То, что не склоняется, в падеже стоять не может по определению. Поэтому без предлога понимание осложнено, хотя технически ошибки вроде и нет.


----------



## Maroseika

sobakus said:


> То, что не склоняется, в падеже стоять не может по определению.



То есть во фразе "Он выпил три чашки кофе кряду" невозможно определить падеж слова кофе?


----------



## morzh

Я почему-то думал (возможно, я ошибался), что если у некоего слова во всех падежах форма одинакова, то это не значит, что оно не склоняется, а значит именно это - во всех падежах оно одинаково.
Нет?

Но вообще я (лично), в таком вот случае, когда имя не изменяется по падежам, использовал бы предлог "к".

Т.е. фраза типа:"Деньги ушли Трюдо" ненеправильна, но "Деньги ушли к Трюдо" - понятней.

А уж если такое используется  качестве газетного заголовка, т.е. вокруг отсутствует контекст - такое вот вдвойне труднопонимаемо.


----------



## Maroseika

morzh said:


> Я почему-то думал (возможно, я ошибался), что если у некоего слова во всех падежах форма одинакова, то это не значит, что оно не склоняется, а значит именно это - во всех падежах оно одинаково.
> Нет?



В словарях так и пишется - не склоняется. То есть не изменяется по падежам. Но это же не значит, что оно не стоит ни в каком падеже?
Как изящно сформулировано в РГ-80, "значения падежей формируются на основе их синтаксических функций в словосочетании".


----------



## Natalisha

morzh said:


> Я почему-то думал (возможно, я ошибался), что если у некоего слова во всех падежах форма одинакова, то это не значит, что оно не склоняется, а значит именно это - во всех падежах оно одинаково.
> Нет?


Абсолютно верно. 


> Но вообще я (лично), в таком вот случае, когда имя не изменяется по падежам, использовал бы предлог "к".
> 
> Т.е. фраза типа:"Деньги ушли Трюдо" ненеправильна, но "Деньги ушли к Трюдо" - понятней.
> 
> А уж если такое используется  качестве газетного заголовка, т.е. вокруг отсутствует контекст - такое вот вдвойне труднопонимаемо.



Morzh, я полностью с Вами согласна, о чем написала в постах 9 и 11.
Считаю, что нужно избегать всего, что затрудняет понимание  (конечно, не имею в виду художественные произведение, в которых передаются особенности речи героев).


----------



## Sobakus

maroseika said:


> В словарях так и пишется - не склоняется. То есть не изменяется по падежам.

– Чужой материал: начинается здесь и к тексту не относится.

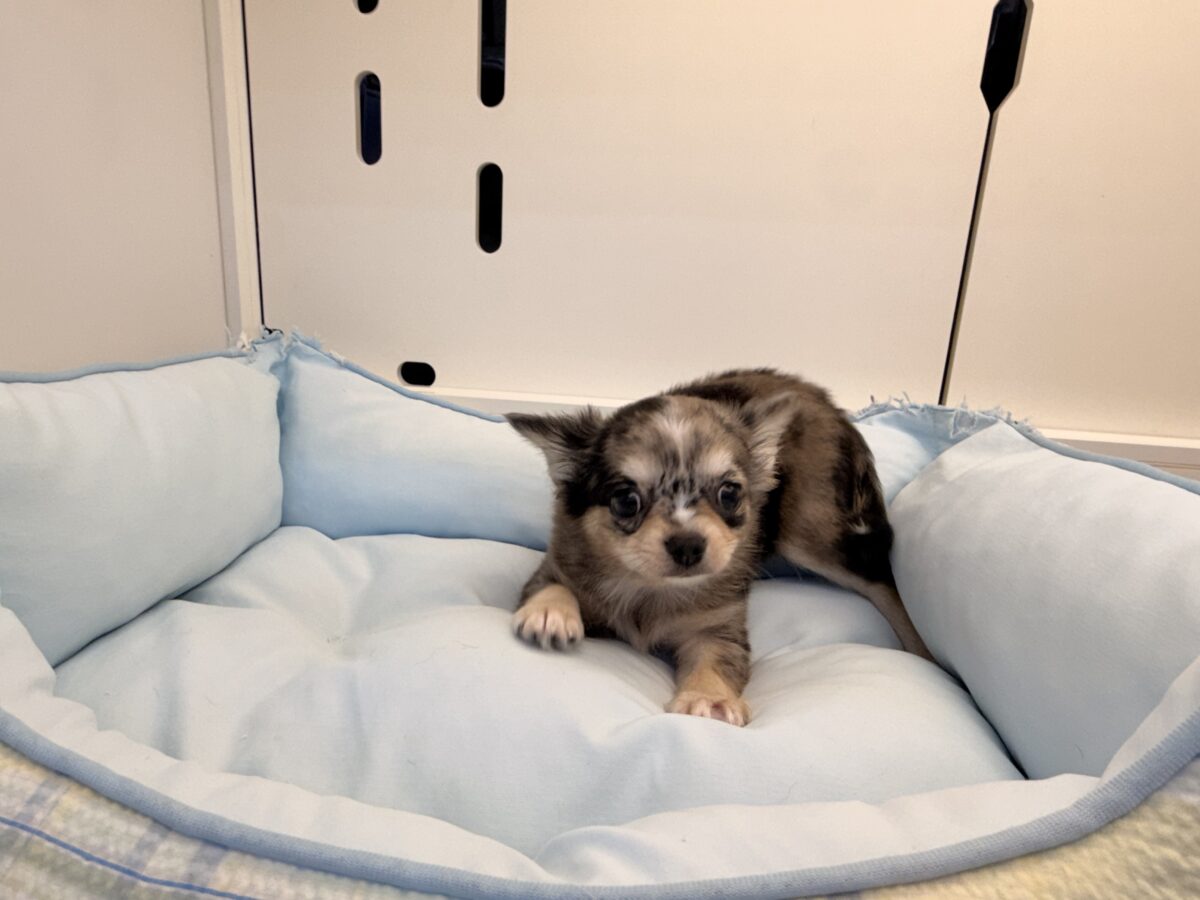 毛量みっちりムチムチボディーのハーフ犬(チワワ×kダックス)男の子入荷しました❤️ チワックス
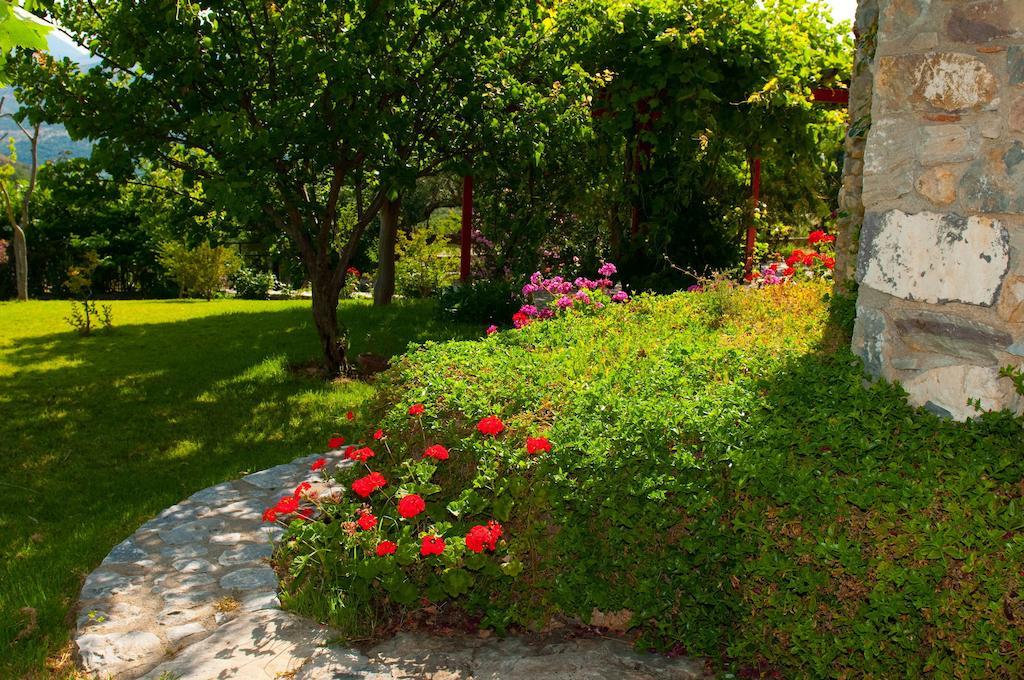 ואתי Elise Cottage חדר תמונה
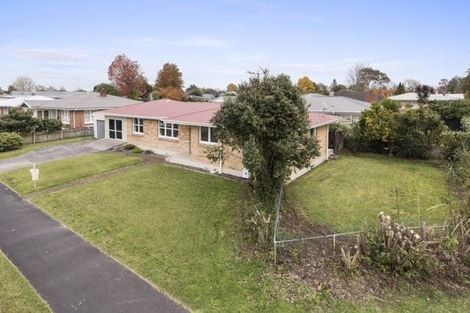 Photo of property in 2 Patricia Avenue, Hamilton East, Hamilton, 3216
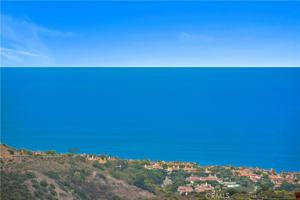 featured image of 28 Coral Reef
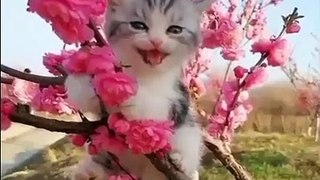 Kittens funny moments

Но это же не значит, что оно не стоит ни в каком падеже?
> Как изящно сформулировано в РГ-80, "значения падежей формируются на основе их синтаксических функций в словосочетании".



Ну так можно и в английском увидеть очень много падежей. По-моему падежи не стоит путать с синтаксическими функциями. В примере из нашей темы падеж, вот, определить не удалось.


----------



## Natalisha

sobakus said:


> Ну так можно и в английском увидеть очень много падежей. По-моему падежи не стоит путать с синтаксическими функциями. В примере из нашей темы падеж, вот, определить не удалось.



Разве мы до сих пор не определили падеж? _Ушли (кому?) Кеннеди._ - дательный падеж.

Мы говорим о том, что без контекста трудно понять смысл предложения (как раз из-за того, что падеж сразу не определишь), так как, во-первых, фамилия _Кеннеди_ не склоняется, а во-вторых, у глагола "уйти" есть еще одно значение, о чем было сказано выше. 

Построение предложения "неудобоваримое", приходится его перечитывать 2-3 раза, чтобы понять.


----------



## morzh

natalisha said:


> Разве мы до сих пор не определили падеж? _Ушли (кому?) Кеннеди._ - дательный падеж.
> 
> Мы говорим о том, что без контекста трудно понять смысл предложения (как раз из-за того, что падеж сразу не определишь), так как, во-первых, фамилия _Кеннеди_ не склоняется, а во-вторых, у глагола "уйти" есть еще одно значение, о чем было сказано выше.
> 
> Построение предложения "неудобоваримое", приходится его перечитывать 2-3 раза, чтобы понять.



Ушли Кеннедю.
Этому кофю не хватает сахара.
Почему пашот без консомя подали?

Галифе, 
Галифы, 
Галифе, 
Галифу,
Галифо-о-ою.


----------